═════ Provided entries ═════
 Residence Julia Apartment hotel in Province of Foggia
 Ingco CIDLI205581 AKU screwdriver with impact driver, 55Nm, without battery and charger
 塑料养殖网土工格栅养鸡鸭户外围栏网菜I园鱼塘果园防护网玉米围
═════
═════ Provided entries ═════
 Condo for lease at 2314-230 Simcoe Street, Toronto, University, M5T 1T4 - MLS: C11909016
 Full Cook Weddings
═════
• What is required: Using the records above, copy word for word the line with "Condo for lease", the line with "Full Cook Weddings", and every line between them.

• Output below:
 Condo for lease at 2314-230 Simcoe Street, Toronto, University, M5T 1T4 - MLS: C11909016
 Full Cook Weddings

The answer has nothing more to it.